Quando o show termina, os amigos de Krasinski pressionam-no a ir cumprimentar Hoffman e, relutantemente, ele vai. “Eu ainda estava muito volátil emocionalmente”, diz ele, “e eu subi, e ele ficou tipo, ‘John?'”. E eu quase comecei a chorar outra vez. Ele diz: “Ainda estás a agir? E eu tipo, ‘Sim, acabei de receber um telefonema chamado ‘The Office’, e ele tipo, ‘Isso é fantástico, meu. Estou tão contente por ainda estares a representar. Nunca vou esquecer que ele tinha aquele nível de cuidado e dedicação.”
Ele rasga um pouco só a contar esta história. Isto é quem ele é. Ele chora na gota de um chapéu, na memória da gota de um chapéu. E no entanto o facto de Krasinski, com o seu coração Soft Batch, ter acabado por dirigir um filme de terror de sucesso de bilheteira não é tão contra-intuitivo como parece. Quando lhe foi entregue o roteiro original de A Quiet Place – que chegou até ele através dos produtores Andrew Form e Brad Fuller, que também era executivo – produziu Jack Ryan – sua filha mais nova, Violet, tinha cerca de três semanas de idade.
“Eu estava emocionalmente aberto”, diz ele. “A versão que li tinha muitos dos elementos padrão de um filme de terror, mas achei que havia uma oportunidade de aprofundar o tema da paternidade”. Foi então que decidi reescrevê-lo – porque podia escrever sobre a minha experiência na altura, o modo protector em que estava com o meu filho”.
Há uma famosa anedota sobre Dustin Hoffman emergindo de uma exibição do The Graduate e encontrando uma mulher mais velha no lobby que lhe diz, profeticamente, “A vida nunca mais vai ser a mesma para você a partir deste momento”.” Eu pergunto a Krasinski se – apesar do que ele conseguiu no cinema e na televisão até aquele ponto – a recepção em A Quiet Place pareceu uma mudança existencial igualmente enorme.

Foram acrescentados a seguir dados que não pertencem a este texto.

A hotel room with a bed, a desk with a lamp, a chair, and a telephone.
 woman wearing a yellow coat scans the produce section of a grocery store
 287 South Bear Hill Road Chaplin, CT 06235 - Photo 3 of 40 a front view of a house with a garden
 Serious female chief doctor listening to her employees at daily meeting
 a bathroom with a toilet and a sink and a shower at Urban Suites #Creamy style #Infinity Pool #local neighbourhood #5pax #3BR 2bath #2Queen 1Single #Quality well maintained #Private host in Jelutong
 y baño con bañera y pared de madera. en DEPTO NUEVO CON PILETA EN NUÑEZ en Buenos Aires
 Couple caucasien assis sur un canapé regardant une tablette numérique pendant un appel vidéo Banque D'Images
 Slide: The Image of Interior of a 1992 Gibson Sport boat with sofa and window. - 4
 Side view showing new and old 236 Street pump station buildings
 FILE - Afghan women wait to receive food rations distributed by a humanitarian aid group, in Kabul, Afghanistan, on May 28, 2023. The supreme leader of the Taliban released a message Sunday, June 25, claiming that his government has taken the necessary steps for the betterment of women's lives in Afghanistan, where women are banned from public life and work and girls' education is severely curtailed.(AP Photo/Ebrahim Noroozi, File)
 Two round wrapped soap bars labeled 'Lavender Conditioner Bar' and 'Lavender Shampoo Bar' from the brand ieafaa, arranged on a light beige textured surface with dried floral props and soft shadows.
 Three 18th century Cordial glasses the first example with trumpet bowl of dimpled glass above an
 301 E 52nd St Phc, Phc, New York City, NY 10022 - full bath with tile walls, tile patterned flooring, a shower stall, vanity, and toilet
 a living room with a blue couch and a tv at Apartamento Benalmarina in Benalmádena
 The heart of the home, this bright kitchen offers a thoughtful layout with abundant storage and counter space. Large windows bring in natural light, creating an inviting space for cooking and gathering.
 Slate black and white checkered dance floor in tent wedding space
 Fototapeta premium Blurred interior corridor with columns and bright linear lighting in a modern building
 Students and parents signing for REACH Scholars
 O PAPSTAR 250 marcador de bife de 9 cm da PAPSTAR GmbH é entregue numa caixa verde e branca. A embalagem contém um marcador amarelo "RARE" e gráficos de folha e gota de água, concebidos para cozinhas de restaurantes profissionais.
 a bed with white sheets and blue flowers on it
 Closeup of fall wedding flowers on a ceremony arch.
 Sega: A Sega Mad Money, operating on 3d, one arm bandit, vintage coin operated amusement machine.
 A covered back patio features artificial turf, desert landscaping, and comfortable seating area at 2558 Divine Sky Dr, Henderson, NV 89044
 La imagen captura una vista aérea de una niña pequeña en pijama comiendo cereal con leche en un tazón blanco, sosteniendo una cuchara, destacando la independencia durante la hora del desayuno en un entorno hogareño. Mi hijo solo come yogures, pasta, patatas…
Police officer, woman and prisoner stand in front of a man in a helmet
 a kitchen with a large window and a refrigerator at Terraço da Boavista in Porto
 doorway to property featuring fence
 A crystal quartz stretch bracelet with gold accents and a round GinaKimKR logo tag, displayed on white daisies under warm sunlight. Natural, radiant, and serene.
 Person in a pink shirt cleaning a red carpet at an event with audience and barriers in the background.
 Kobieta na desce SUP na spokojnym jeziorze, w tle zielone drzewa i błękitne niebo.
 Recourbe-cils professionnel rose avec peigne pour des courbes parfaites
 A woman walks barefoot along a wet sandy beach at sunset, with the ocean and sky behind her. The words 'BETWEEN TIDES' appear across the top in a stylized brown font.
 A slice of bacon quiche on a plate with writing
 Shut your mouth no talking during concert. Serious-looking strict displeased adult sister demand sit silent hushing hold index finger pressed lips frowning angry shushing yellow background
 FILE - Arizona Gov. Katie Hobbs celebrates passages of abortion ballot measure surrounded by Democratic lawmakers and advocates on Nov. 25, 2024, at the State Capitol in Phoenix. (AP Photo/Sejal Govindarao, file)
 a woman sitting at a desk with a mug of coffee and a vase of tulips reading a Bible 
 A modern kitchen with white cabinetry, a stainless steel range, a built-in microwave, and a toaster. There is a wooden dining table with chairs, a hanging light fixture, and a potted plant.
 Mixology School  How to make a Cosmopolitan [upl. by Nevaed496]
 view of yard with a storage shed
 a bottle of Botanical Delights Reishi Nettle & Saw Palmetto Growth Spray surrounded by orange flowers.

“Sim, mais ou menos”, diz ele. “A diferença é que eu definitivamente não confio que eu seria a pessoa mais estável mentalmente se isso tivesse acontecido comigo aos 27 anos”. O fato de eu ter tido uma carreira e ter tido sucessos e fracassos que remodelaram o metal dobrado que é a vida que a experiência me fundamenta e me ajuda a entender os bens e os males e os cantos escuros e tudo isso”. Mas mais importante, eu sei que nunca mais vou fazer outro filme que seja este sucesso, este original, este underdog-y, e ainda por cima que seja com a minha mulher a cada passo do caminho.
“Eu disse à Emily, ‘Não há maior dom que o universo me poderia ter dado do que passar pelo maior sucesso da minha carreira e não tenho que te explicar como se sentiu’. Nós dois estávamos no barco. Eu disse-lhe: ‘Não sei se pode voltar a ser assim.’
“E-agora, deixa isso para a Emily, que é melhor em tudo do que eu – ela diz, ‘Não pode’. Ela encapsulou-o tão perfeitamente. “Não pode ser assim novamente, e não deve ser. Então pega nisto e põe-no numa lareira, este tesouro muito especial que vivemos juntos. E agora saia e faça outra coisa.’ ”
Alex Pappademas escreveu sobre cultura pop para Esquire, GQ, Grantland, e outros.
Uma versão desta história aparece na edição de Setembro de 2018 da Men’s Health.